An enquiry into the relationship between social networking site use and primary school children's academic performance and cognition
Young people are extensively using social networking sites (SNS), which has given rise to alarming claims about the effects of SNS use on children’s learning and cognitive development. Most literature, however, has examined the impact of media multitasking on cognition rather than SNS, and has been conducted with university students, with only very limited evidence for primary school pupils. This study fills in this gap by examining the links between SNS use and primary school children’s academic performance and cognition, focusing on attention shifting, sustained attention, and working memory. At the same time, given claims that new technologies may encourage a more dialogic view of thinking, this study also examined whether SNS use is associated with more dialogic ways of thinking and dispositions, a claim which has not been previously empirically investigated.

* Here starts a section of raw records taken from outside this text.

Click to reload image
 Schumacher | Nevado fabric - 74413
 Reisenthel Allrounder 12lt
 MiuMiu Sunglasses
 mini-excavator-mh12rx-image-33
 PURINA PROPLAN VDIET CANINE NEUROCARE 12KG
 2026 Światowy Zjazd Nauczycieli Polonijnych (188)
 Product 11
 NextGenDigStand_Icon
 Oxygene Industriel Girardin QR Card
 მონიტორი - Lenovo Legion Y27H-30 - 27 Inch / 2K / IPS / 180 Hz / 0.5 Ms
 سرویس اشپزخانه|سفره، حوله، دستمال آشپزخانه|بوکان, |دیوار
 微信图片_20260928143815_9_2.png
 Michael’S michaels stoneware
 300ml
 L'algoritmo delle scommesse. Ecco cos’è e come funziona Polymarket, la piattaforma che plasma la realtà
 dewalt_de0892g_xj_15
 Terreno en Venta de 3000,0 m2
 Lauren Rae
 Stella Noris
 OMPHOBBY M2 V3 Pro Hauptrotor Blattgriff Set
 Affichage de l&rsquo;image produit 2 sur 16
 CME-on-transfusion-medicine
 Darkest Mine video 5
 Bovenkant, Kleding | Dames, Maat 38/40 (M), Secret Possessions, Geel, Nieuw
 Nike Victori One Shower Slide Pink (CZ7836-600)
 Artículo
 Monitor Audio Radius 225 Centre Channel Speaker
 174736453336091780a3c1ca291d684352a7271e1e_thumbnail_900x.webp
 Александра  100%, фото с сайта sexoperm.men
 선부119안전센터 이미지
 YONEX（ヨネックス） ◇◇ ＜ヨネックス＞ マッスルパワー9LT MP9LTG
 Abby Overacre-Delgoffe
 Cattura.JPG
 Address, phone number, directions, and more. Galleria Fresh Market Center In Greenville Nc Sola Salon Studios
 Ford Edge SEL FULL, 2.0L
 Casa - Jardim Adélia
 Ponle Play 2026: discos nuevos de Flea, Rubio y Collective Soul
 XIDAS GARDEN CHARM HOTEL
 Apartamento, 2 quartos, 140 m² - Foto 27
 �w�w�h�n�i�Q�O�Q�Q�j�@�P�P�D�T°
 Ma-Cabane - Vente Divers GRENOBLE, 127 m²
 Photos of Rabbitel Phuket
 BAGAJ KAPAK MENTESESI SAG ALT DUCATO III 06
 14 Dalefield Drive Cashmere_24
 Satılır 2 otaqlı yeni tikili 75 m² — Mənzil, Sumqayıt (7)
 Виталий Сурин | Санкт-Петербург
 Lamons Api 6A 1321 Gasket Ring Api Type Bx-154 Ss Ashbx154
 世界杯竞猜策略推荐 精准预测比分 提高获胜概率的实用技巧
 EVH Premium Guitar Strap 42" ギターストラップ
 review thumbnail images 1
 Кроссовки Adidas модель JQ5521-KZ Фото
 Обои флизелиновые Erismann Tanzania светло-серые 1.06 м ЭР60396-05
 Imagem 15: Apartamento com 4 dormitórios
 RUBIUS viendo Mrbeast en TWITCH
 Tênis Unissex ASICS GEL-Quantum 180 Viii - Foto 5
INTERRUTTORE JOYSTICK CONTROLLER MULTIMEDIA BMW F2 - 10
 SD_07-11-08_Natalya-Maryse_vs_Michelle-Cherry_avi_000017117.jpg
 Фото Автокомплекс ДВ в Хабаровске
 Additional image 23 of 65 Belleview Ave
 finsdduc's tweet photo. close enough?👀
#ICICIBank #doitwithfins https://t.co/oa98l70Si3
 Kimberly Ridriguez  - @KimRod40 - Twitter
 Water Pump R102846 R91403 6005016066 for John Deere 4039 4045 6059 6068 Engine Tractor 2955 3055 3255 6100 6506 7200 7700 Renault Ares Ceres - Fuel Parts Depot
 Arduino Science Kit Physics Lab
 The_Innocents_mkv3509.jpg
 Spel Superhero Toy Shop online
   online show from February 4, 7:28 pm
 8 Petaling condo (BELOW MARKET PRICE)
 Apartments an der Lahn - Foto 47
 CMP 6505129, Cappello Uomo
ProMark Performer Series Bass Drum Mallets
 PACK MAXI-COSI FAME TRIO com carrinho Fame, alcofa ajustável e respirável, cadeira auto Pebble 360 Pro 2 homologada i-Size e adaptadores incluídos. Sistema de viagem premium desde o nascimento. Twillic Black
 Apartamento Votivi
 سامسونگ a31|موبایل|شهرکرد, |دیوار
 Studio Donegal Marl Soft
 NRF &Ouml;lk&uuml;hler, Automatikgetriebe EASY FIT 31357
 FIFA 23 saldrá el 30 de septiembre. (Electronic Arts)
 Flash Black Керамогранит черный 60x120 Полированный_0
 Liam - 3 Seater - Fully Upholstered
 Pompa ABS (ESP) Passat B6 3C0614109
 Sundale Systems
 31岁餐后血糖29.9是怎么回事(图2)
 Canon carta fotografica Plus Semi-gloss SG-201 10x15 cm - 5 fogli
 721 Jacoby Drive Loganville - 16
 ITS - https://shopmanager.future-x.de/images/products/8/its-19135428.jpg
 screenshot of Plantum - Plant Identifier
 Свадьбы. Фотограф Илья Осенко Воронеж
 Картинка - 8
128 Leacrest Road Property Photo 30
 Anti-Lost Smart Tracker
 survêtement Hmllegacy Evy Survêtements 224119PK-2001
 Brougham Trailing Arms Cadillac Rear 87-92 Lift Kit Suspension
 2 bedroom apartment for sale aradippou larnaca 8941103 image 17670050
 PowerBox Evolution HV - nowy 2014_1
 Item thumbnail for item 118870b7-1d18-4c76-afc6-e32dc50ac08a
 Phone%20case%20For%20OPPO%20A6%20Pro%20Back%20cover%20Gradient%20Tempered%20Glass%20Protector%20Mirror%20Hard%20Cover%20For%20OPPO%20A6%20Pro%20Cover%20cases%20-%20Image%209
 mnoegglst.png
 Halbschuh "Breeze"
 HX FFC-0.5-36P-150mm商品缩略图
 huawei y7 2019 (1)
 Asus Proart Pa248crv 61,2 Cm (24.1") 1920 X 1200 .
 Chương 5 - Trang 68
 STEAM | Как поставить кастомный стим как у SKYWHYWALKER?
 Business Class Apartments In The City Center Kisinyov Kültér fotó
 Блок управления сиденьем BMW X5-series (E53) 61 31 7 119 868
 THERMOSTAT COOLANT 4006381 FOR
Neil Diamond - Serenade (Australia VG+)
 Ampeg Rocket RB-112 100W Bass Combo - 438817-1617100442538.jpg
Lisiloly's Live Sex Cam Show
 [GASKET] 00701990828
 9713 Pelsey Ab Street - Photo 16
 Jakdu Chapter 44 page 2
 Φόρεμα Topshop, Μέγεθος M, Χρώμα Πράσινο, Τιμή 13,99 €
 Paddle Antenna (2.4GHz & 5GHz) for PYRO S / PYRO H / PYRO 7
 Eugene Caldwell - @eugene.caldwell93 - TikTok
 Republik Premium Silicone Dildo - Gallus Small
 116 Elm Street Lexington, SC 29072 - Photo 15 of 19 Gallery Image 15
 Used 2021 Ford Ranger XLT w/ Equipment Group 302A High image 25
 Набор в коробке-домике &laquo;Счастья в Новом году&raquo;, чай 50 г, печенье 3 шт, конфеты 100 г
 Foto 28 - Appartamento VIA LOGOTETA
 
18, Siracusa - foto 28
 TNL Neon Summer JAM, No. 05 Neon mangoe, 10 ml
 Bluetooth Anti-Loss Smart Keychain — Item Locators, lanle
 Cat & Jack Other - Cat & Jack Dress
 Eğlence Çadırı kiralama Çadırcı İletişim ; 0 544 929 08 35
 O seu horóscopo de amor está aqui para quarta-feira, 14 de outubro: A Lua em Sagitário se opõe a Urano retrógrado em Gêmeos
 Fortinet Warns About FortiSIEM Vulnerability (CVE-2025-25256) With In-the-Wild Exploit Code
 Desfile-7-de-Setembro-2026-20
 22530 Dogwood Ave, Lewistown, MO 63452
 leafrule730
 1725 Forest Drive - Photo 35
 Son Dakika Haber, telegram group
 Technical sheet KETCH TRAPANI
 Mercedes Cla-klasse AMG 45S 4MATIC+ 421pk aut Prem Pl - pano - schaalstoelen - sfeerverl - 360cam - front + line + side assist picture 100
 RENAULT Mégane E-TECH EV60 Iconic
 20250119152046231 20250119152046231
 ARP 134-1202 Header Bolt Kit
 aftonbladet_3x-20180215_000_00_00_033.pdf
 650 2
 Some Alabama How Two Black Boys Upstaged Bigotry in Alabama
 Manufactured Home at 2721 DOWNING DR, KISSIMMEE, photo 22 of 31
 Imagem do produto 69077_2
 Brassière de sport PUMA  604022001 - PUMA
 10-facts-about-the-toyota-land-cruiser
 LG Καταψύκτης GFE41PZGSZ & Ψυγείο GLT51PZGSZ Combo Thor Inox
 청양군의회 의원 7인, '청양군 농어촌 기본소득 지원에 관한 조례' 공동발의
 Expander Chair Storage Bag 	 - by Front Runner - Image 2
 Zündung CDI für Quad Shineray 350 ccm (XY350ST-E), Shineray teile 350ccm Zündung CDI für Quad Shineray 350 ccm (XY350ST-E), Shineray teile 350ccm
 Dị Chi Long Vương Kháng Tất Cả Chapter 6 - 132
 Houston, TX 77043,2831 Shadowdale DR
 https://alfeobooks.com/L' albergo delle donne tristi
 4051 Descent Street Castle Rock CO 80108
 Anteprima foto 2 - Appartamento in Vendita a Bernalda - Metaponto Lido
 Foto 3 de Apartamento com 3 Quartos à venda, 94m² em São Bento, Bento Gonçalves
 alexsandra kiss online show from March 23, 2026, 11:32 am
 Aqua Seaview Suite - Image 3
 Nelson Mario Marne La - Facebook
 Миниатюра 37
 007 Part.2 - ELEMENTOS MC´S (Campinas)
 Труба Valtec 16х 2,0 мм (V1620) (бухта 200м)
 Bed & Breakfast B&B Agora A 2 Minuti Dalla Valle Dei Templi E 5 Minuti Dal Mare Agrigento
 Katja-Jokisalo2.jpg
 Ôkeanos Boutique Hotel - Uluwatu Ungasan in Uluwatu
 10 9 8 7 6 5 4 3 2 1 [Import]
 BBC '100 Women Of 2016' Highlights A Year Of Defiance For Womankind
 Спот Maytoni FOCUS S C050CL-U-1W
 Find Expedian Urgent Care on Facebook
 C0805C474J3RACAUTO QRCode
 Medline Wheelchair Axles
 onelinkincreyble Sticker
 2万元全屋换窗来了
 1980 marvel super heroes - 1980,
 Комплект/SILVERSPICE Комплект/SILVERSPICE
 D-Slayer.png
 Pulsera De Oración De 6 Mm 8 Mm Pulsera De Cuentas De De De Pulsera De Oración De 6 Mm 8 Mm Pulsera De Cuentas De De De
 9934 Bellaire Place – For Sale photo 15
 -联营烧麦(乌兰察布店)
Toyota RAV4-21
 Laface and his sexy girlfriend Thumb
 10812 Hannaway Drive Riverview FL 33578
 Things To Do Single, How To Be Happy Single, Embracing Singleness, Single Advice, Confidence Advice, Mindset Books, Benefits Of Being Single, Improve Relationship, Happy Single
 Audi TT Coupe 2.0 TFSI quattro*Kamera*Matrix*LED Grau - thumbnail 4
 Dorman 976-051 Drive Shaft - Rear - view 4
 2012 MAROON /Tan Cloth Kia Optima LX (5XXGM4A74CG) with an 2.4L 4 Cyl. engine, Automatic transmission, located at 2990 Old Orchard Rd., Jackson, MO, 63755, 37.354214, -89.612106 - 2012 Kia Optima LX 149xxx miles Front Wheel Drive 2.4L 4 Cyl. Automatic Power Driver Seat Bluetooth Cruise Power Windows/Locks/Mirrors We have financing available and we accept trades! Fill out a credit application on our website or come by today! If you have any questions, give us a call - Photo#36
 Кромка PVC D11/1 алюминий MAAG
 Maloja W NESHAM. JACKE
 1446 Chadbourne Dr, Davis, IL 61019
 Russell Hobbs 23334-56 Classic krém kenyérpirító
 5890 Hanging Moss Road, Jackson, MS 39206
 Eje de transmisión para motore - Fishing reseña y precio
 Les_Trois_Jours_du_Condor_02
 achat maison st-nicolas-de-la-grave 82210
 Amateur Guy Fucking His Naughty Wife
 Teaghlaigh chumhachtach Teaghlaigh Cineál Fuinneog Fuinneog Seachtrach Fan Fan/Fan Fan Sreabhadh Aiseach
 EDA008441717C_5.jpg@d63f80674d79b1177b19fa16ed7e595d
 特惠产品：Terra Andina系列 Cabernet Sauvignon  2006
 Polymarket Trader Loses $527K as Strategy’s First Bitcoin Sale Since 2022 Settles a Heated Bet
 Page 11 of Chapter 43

Adopting a mixed-method approach, the quantitative part involved 576 Year 5 and 6 students in the UK. A child questionnaire was used to assess children’s SNS use and dialogic thinking, while computer-based tasks and teacher ratings in English, Spelling, and Maths indicated executive functions and academic performance respectively. Statistical analyses were performed to identify links between various metrics of SNS use and academic performance, executive functions, and dialogic thinking. The quantitative findings were complemented by interviews with 13 heavy SNS users and 7 primary school teachers analysed thematically.
Statistical analyses indicated negative links between academic performance and various metrics of SNS usage. While the interviews generally supported these findings, it also emerged that SNS may contribute to a broader sense of learning, deepening children’s understandings and honing their communication skills. SNS use also appeared to be positively associated with children’s dialogic thinking and dispositions, potentially due to exposure to multiple views and opportunities for network expansion. Finally, small but statistically significant negative relationships were identified between SNS usage and performance in working memory and attention shifting tasks, with interviewees appearing to associate SNS use with attention problems.